-- DATA TO EXAMINE follows --

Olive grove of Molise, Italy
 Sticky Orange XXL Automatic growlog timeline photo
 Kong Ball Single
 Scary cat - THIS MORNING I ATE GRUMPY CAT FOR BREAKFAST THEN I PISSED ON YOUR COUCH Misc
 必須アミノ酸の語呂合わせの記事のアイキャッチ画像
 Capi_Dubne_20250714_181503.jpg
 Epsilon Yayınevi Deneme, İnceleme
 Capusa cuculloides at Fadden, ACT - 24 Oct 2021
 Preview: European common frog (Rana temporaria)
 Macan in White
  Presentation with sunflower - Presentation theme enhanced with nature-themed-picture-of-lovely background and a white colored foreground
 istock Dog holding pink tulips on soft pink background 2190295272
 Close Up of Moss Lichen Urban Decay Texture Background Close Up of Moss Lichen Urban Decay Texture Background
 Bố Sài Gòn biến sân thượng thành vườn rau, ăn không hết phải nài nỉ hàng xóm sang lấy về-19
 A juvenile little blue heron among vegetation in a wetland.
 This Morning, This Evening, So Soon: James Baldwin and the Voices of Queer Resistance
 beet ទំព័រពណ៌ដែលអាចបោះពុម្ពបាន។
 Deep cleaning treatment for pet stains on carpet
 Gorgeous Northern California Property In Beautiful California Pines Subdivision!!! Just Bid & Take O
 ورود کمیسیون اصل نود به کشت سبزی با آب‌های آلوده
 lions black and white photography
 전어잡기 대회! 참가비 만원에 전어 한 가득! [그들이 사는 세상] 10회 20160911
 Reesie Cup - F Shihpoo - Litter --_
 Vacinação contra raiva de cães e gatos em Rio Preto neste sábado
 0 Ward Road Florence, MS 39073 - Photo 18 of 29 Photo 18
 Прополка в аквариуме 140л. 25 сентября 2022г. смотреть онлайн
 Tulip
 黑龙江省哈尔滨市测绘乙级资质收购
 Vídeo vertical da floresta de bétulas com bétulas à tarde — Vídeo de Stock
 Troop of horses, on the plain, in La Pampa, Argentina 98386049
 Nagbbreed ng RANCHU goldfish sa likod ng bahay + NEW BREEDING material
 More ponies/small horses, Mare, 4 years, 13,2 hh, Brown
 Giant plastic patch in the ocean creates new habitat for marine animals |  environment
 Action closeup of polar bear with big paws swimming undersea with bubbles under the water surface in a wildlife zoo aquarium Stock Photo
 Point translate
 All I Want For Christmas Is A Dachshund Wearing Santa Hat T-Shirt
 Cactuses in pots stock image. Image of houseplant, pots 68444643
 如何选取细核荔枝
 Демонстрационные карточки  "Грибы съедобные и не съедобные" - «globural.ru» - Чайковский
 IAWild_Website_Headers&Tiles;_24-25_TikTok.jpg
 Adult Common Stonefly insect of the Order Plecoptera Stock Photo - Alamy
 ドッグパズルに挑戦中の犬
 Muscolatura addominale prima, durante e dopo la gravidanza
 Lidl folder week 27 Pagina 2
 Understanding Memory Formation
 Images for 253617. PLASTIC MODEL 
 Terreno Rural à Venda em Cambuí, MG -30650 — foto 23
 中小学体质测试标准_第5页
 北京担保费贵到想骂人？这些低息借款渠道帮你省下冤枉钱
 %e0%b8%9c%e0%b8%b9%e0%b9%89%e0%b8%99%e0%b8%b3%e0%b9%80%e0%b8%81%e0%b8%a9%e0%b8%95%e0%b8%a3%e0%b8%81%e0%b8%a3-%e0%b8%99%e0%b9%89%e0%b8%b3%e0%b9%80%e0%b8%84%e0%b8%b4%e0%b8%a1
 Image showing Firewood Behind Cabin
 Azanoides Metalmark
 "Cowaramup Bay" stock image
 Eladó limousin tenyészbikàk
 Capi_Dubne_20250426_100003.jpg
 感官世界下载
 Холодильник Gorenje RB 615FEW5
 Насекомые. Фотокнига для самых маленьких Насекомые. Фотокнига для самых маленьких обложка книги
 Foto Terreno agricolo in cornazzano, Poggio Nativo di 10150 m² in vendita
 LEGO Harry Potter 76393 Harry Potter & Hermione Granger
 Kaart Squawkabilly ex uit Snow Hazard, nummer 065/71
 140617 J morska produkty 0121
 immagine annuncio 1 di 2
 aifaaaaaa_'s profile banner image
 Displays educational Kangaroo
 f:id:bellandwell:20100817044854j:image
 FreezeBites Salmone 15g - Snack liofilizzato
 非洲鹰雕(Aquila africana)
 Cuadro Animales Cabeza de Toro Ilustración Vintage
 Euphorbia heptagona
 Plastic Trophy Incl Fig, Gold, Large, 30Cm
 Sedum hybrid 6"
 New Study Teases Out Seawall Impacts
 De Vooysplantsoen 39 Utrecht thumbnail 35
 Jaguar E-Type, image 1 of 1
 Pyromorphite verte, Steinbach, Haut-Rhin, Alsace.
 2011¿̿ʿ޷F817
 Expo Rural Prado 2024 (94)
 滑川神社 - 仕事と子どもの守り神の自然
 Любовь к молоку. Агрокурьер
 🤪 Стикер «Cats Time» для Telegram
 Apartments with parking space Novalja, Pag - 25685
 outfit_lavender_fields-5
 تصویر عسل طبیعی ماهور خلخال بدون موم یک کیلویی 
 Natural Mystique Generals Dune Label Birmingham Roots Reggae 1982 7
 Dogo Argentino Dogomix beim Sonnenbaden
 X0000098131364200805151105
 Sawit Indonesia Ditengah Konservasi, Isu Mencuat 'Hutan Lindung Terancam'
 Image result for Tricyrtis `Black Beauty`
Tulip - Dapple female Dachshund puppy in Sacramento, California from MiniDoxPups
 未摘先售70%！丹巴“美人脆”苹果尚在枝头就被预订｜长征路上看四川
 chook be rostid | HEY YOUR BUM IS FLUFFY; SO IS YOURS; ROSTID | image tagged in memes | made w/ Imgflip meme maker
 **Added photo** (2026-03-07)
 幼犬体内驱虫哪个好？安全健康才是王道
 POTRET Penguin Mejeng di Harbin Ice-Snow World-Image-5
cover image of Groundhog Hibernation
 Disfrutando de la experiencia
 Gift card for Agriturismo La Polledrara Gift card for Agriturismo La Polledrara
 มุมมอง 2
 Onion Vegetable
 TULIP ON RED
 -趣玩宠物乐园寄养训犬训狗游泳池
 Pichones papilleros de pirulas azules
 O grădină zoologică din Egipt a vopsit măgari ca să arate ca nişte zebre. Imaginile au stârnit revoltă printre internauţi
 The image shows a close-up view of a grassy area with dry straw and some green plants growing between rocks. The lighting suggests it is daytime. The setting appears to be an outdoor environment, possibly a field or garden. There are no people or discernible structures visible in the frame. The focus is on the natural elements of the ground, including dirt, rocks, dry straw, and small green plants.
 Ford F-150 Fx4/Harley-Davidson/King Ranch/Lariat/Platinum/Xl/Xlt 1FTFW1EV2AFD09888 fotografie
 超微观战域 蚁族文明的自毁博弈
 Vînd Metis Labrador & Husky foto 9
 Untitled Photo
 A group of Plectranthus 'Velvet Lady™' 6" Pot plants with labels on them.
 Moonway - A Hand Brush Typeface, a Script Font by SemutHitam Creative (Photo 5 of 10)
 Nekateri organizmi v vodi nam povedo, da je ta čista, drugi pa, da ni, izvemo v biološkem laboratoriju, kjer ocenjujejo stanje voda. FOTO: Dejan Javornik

-- DATA TO EXAMINE concluded --

> TASK INSTRUCTIONS
Once you have counted the lines above that contain "Terreno", give that number alone.

> ANSWER BELOW
2